Texto: Patrícia Ogando (2˚ ano – ECA-USP) / Fotos: Patrícia Ogando e Leandro Melito
Foto: Leandro Melito
Os dois gostam de rock n’roll, têm muitos processos judiciais em suas bagagens e são homens de visões apaixonadas. Esse poderia ser o começo de um romance contemporâneo, mas na verdade vamos contar o que rolou na palestra sobre como biografar alguém vivo, com Claudio Tognolli e Lobão. No papo, os dois falaram sobre a gestação de 50 Anos a Mil, livro biográfico de Lobão que conta com a experiência e o respaldo do jornalista Claudio Julio Tognolli.
Antes mesmo do horário de início da apresentação, Tognolli começou a explicar o contexto dessa parceria com Lobão – o biografado, que chegou cerca de uma hora atrasado à sala 714. Nesse meio tempo, Tognolli, com seu jeitão descontraído, falou sobre técnicas de investigação e contou um pouco de sua relação com o cantor e das dificuldades de levantar a história que será lançada em outubro.
Durante mais de um ano Tognolli e Lobão se encontravam até três vezes por semana no restaurante Spot, na região da avenida Paulista. Nesses encontros, o jornalista procurava sempre levar “algum amigo que tinha algum nome ou cargo de responsabilidade de imprensa” para tentar garantir que Lobão não fosse mentir sobre sua história. Assim, se Lobão contasse a mesma história mais de uma vez, Tognolli entendia que aquilo não deveria ser mentira. “Defino isso como um grande divã, em que ele ia se expondo, se expondo”, revela o jornalista.
Tognolli já pensava em investigar todos os documentos que a Justiça brasileira produziu e recuperar tudo que saiu na mídia sobre Lobão. No entanto, o biografado quis, antes dessa investigação, gravar algumas confissões em áudio sobre eventos de sua vida. E esse método mostrou que o músico tem um problema com gravadores, o Lobão captado ali era um cara triste, diferente do que o jornalista conhecia. Tognolli conta que isso o fez lembrar da frase em que Ruy Castro diz que nunca aceita fazer biografia de pessoa viva “porque isso é um trabalho do cão”.

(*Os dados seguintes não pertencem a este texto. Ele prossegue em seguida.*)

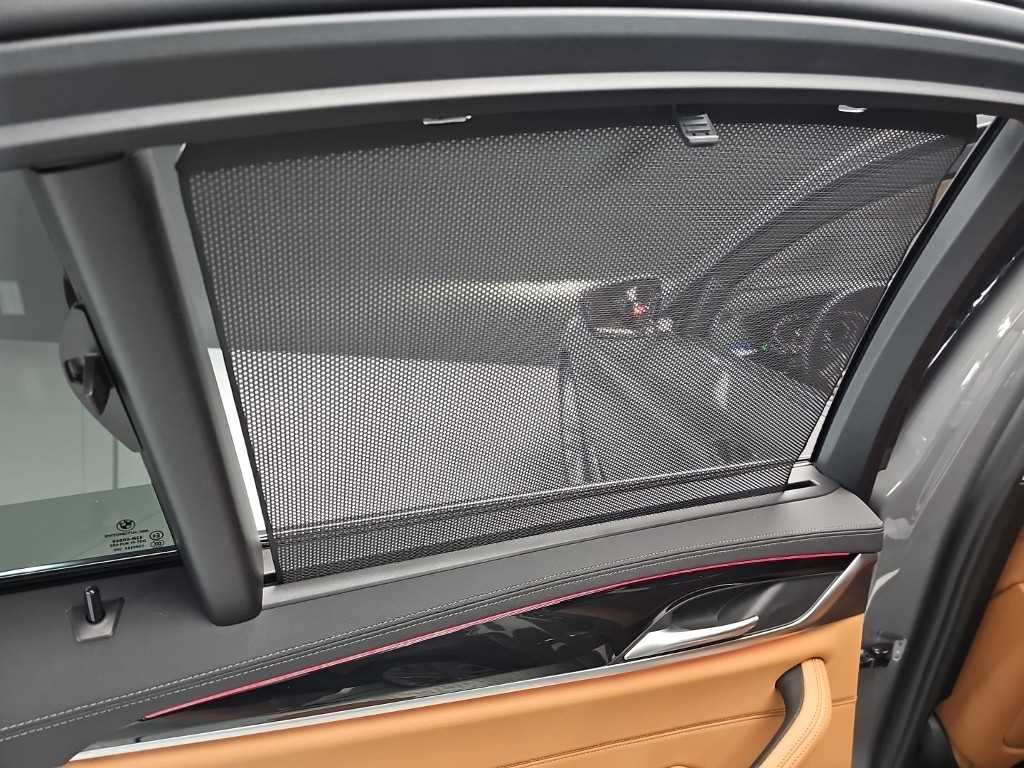 BMW 5 Series 2022 Gris - Importación desde Corea - HF Imports Iquique - Foto 16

Nessa procura por um método um bom tempo passou, muitas biografias foram utilizadas como referência e finalmente foi escolhido um modelo, tanto para o texto, quanto para o processo de reconstrução desses 50 anos. Quem escreve é o próprio Lobão, mas é o jornalista quem extrai detalhes, informações e o pauta. Tognolli comprou todos os bancos de dados da mídia sobre Lobão e começou investigar os documentos judiciais. Disso montou uma linha do tempo e começou a, como ele mesmo denomina, “colocar o Lobão na ordem do dia”: extrair dele detalhes que só o olhar curioso de um jornalista poderia ter, questionando até a marca da camisa que Lobão vestia em um determinado dia.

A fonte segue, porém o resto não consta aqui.